Si può pure diventare eroi, in questo romanzo, ma per caso, non per volontà. Si può compiere un atto
d’amore, uno solo, ma spinto dagli eventi, in un attimo di panico, di improvvisazione massima. Perché la
volontà del protagonista è spietata e contorta, se potessi direi malata, e non posso solo perché regalerei
attenuanti a chi non ne chiede. E se è un eroe, è eroe tra gli squali della finanza o in un covo di trafficanti di
anfetamine o in una setta di cannibali. Ma se questo è un eroe, non lo è nell’universo dei romanzi. Qui, al
massimo se vogliamo proprio etichettarlo banalmente è un antieroe, ma solo perché è anti-tutto. Viene da
chiedersi se quel poco che prova per una donna sia amore, perché se lo è, allora deve essere amore post-moderno, sessualmente avido e sentimentalmente nullo, paranoico e tetramente ossessivo.
Se leggi queste
pagine e provi profonda avversione per il protagonista, benvenuto.

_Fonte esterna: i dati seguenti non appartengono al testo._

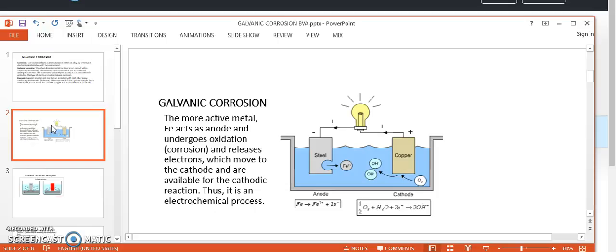Galvanic corrosion is an electrochemical process. If we consider the example of steel and copper connected with each other, iron acts as anode and undergoes oxidation — that is corrosion. It releases two electrons which move to the cathode and are available for the cathodic reaction. Iron undergoes oxidation to give Fe²⁺ + 2 electrons, and at the cathode, the reaction is between dissolved oxygen, water molecules, and the electrons to release hydroxyl ions.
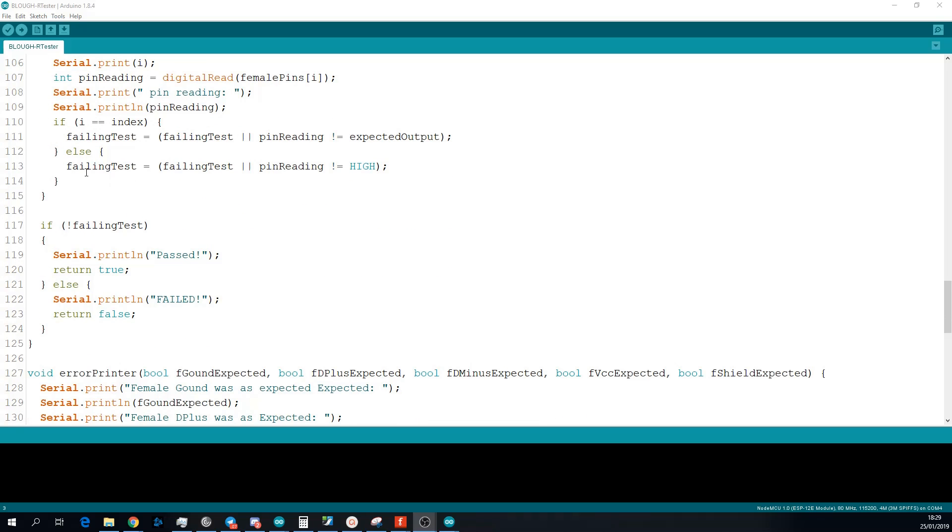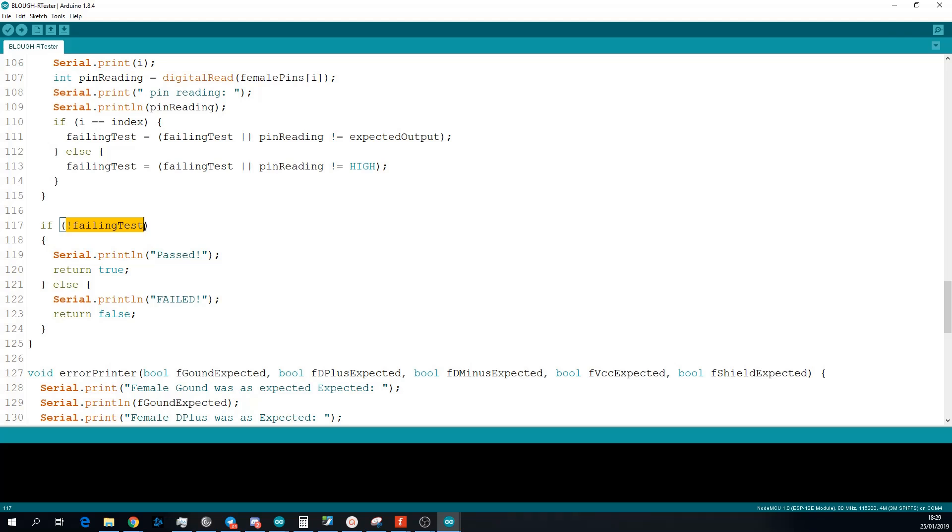We're checking if it's the index, we expect it to be the passed in output, and if it's not the index, we would expect it to be high. And again, we just check that the boolean was... In this case, we're checking that it is false, that there's no failing test. And if it is false, we return true, and if it's not false, so if it's true, we return false. We could just return the inverse of failing test, but I wanted to also be able to write to the serial monitor too.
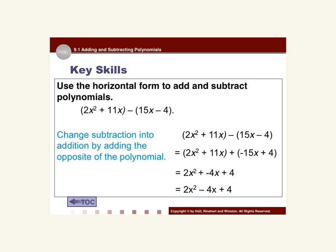The other way is to do it in the horizontal method, but here we have a subtraction problem. Just like we've always done with subtraction, we're going to change subtraction to addition by adding the opposite. We have 2x² + 11x minus the binomial (15x - 4). We leave the first part, 2x² + 11x, exactly as it is. We change the minus sign to a plus sign, and then do the opposite of what's inside — so positive 15x becomes -15x, and -4 becomes +4.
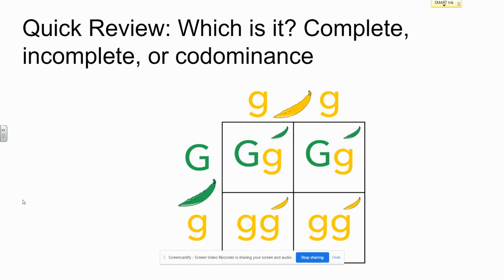Last one. Which is it? Complete, incomplete, or co-dominance? Clearly, this is an example of complete dominance. This is a classic example of Mendelian genetics, where you have two phenotypes and three possible genotypes, although we only have two genotypes in this particular cross. And that's it. Thanks for coming.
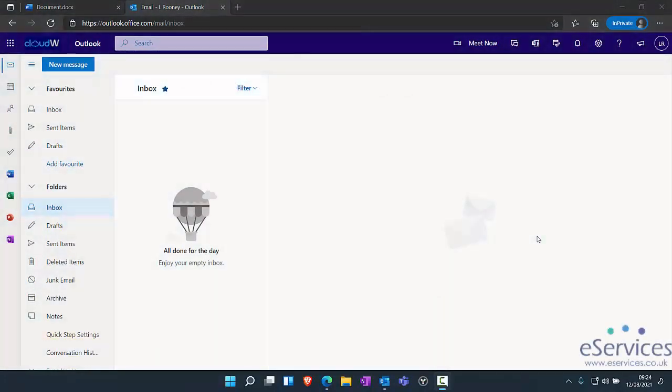We're going to look at the new snipping tool that's within Windows 10 and Windows 11. If you think my screen looks a little strange, it's because this is on Windows 11, but Windows 10 is exactly the same.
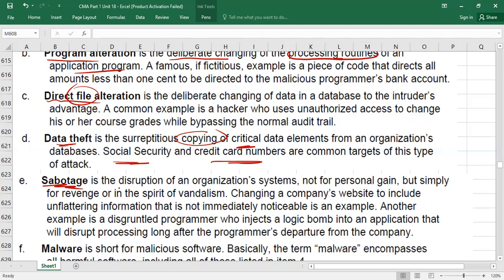Sabotage is a disruption of an organizational system not for personal gain. For example, a former business partner might hack your system just to cause harm, with no personal benefit to themselves. This is sabotage — often motivated by personal revenge rather than financial gain.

Benvenuto se anche tu hai chiuso a chiave nel tuo profondo tutte le tue pulsioni più instabili, benvenuto se chiuso a chiave nella mente del protagonista le hai ritrovate e ti sei ritratto schifato, perché ti sei riconosciuto.

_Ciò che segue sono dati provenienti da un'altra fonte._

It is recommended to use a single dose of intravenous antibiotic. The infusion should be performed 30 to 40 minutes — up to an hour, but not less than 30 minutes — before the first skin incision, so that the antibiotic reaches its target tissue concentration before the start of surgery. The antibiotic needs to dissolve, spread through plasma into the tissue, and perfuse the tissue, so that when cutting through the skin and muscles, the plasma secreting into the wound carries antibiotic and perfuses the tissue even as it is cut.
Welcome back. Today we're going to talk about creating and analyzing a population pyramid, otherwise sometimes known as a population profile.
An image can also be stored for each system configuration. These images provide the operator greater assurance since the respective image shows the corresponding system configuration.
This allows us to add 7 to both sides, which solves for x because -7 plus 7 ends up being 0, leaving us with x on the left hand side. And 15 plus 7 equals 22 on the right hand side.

Riconoscimi. Ce lo dice dalla prima pagina, sono io. Sono io quel che tu non vorresti essere mai e che
potrebbe essere tuo figlio, nel mondo che gli hai costruito intorno. Prova schifo, ma guardami. Guardami
fino alla fine, fino a dove posso arrivare. Fino all’unico atto d’amore di tutto il romanzo.

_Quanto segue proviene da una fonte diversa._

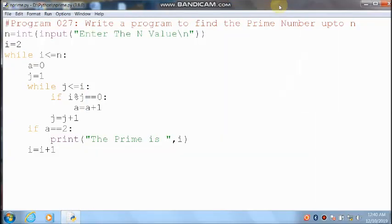Hi students, now I am going to discuss one of the Python programs to find the prime numbers up to n.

Ma tutto questo è rapporto personale ed esclusivo con il protagonista, mio rapporto personale ed esclusivo
da lettore, con lo scrittore.
Se riusciamo a finire un romanzo, di solito già è decente. Se riusciamo a seguire un protagonista perfino
nell’universo esploso della sua esistenza, nella sua discesa personale per direttissima agli inferi, allora il
romanzo è discreto. Ma se è buono il romanzo, che ci fa amare l’eroe, allora deve essere buono anche
quel romanzo, questo romanzo, che il protagonista ce lo fa odiare. Deve essere buono il romanzo che ci ha
gettati a terra, malmenati da ragionamenti contorti, disgustati da vendette trasversali e tradimenti cinici,
nauseati da impulsi deliranti, e ci fa odiare tutto, pagina dopo pagina, e all’improvviso al nostro fianco c’è il
protagonista cosi maledettamente vicino, ad odiare tutto insieme a noi.